Так мать моя Александра Ивановна вспоминала о Николае Рубцове, а потом и сам он говаривал мне, как встречала да привечала она его в Петряеве. Это было за год или за два до гибели его, в предзимье, когда дорога на Двиницком волоку крепнет от первых морозов и трогаются автобусы и всякие попутки в дальние места. Возможно, он пробирался в Тотьму, в свои Палестины, и вздумал взглянуть и на мою деревню, отстоящую всего в пяти верстах от Тотемского тракта. Бог весть…

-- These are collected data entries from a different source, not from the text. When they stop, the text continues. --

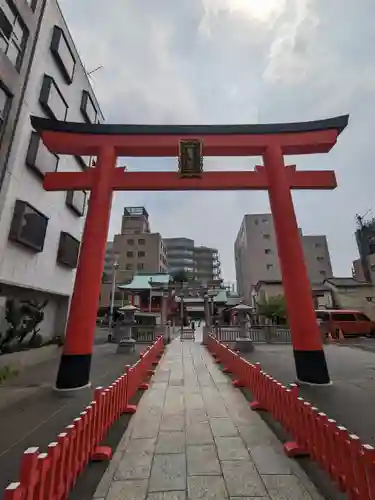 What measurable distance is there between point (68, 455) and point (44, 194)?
433 inches

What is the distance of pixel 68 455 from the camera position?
2.88 meters

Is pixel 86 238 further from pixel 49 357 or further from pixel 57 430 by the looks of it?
pixel 49 357

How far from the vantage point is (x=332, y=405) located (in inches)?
223

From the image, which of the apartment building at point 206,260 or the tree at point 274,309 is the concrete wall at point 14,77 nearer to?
the tree at point 274,309

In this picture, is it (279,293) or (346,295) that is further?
(279,293)

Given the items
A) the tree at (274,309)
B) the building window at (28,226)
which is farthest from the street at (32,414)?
the tree at (274,309)

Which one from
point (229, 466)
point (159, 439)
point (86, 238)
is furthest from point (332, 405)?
point (86, 238)

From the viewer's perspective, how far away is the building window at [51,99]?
1111 cm

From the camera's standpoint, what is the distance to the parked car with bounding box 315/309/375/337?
21.1m

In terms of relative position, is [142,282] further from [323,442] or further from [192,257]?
[192,257]

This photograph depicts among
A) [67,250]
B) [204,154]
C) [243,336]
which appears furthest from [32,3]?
[243,336]

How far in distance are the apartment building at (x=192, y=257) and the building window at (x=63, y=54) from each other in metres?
65.1

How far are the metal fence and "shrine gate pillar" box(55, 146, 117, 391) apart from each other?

Рубцов любил внезапность знакомств и расставаний. Он возникал в местах, где его не ждали, и срывался с мест, где в нем нуждались. Вот эта противоречивость скитальческой души и носила его, вела по Руси. Однако такая видимая всем свобода на самом деле являлась не видимой никому зависимостью от его Поэзии. Это он выстраданно изрек: «И не она от нас зависит, а мы зависим от нее». В ту государственно-самодержавную пору такое откровение прозвучало вызывающей и подозрительной новостью. А в стихах его забелели обезглавленные храмы, словно вытаяли они из-под страшных сугробов забвенья. Сама природа русского духа давно нуждалась в появлении именно такого поэта, чтобы связать полувековой трагический разрыв отечественной поэзии вновь с христианским мироощущением. И жребий этот пал на Николая Рубцова. И зажегся в нем свет величавого распева и молитвенной исповеди.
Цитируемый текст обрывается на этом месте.